When production studios offered to hand over her digitized image to exploit her as the lead in their films endlessly, she is initially reluctant.
So the woman accepts the scan to make her become an immortal digitized actress, ending abused in bad films that she would never have done.
Years later, on the eve of the contract’s expiration, the woman goes to a congress, where she has to inhale an unknown chemical substance before the entrance.
She will awaken in a world of imagination in the likeness of a cartoon, able to mold reality to her desires in an apparent infinite paradise.
But the magnificent fiction won’t last forever. After many years, indeed, her desire to see family again will awaken the unstoppable desire to return to reality.
The Congress is a sweet poem combined with a terrible dystopian nightmare, half movie, and half animation.
A story set in a future where humanity blissfully lives in a chemical lie, perpetually deceived by their minds. In this world, men can only be addicted to their dreams or accepting their lonely but real dying civilization.
Robin Wright works hard as a more mature actress, taking on the meta cinema challenge of playing herself.
An aged star’s role is a harsh criticism of cinema’s artificial world. Unable to accept aging and decline, following the illusion of being forever young.
The actress doesn’t make easy choices by always presenting herself as the beautiful and the good in every situation. Indeed, she plays an imperfect woman who doesn’t always make the right choices for the right reasons.
Finally, Paul Giamatti, in a small but crucial role, adds extra emotion to a very intense story. Playing the actress’s family doctor, the man will be the only constant over the years for the actress and her children.
Ari Folman writes and directs an incredible sci-fi fantasy, real and cruel to its characters and still delightfully romantic.
The cast immerses entirely in their roles, and the cartoon sequences are magnificent, closer to Salvador Dalí style than to modern animated movies.
This surreal and elegant drawing frames perfectly an inextricable personal drama.

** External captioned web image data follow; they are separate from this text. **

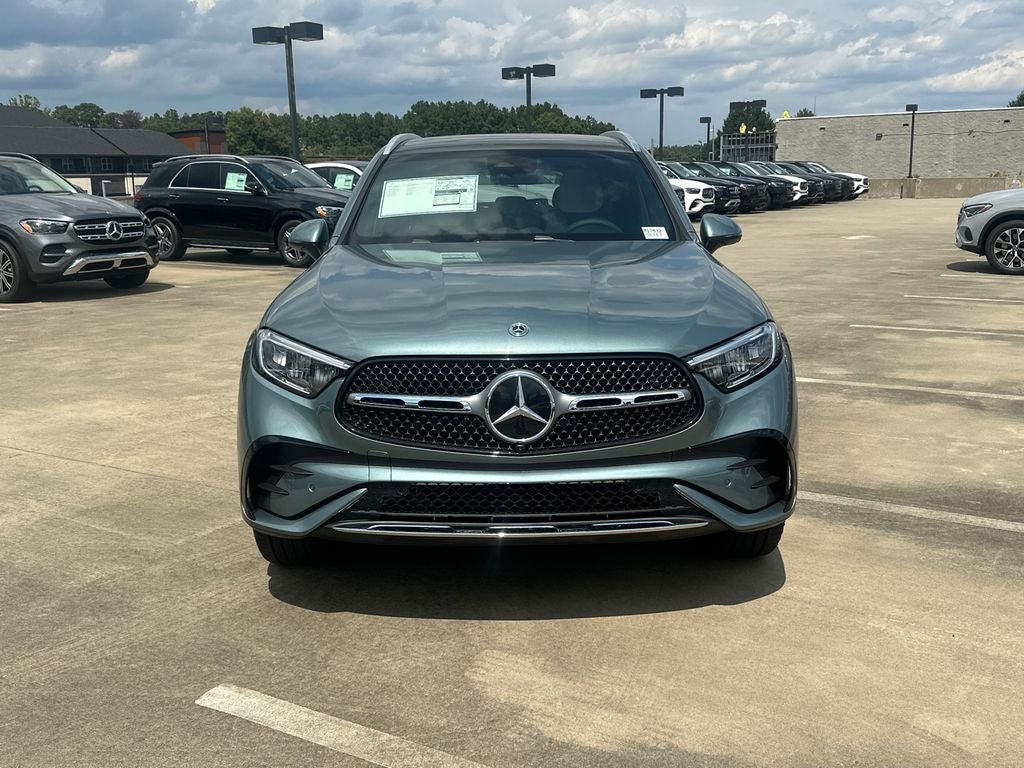 2026 Mercedes-Benz GLC GLC 350e 4MATIC®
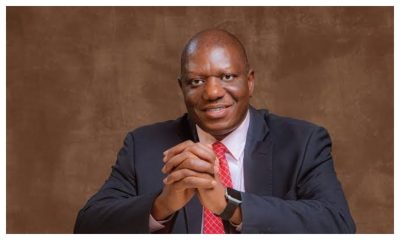 Senator Sunday Marshall Katung dumps PDP for APC in Kaduna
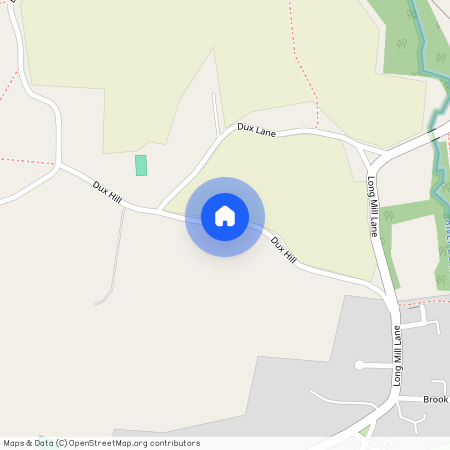 Dux Hill, Plaxtol, Sevenoaks, Kent, TN15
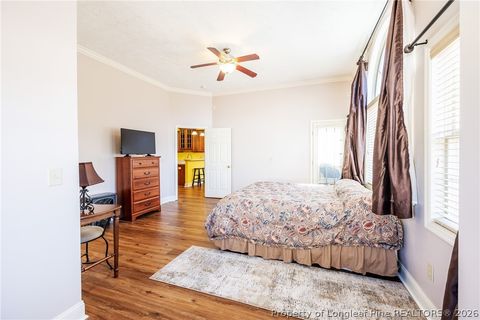 Tiny photo for 6209 Castlebrooke Lane, Linden, NC 28356 (MLS # 757819)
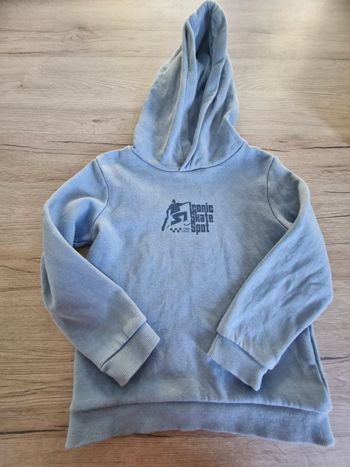 Sweat capuche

The epic of a mother who does not want to surrender to forces impossible to fight.
Although critics appreciated it, The Congress did not have commercial success in cinemas, unfairly snubbed by large international distribution.
In conclusion, a movie I recommend to all those who love to dream and think. Reflecting on the human species’ destiny, wondering if our qualities will ever prevail on our darker sides.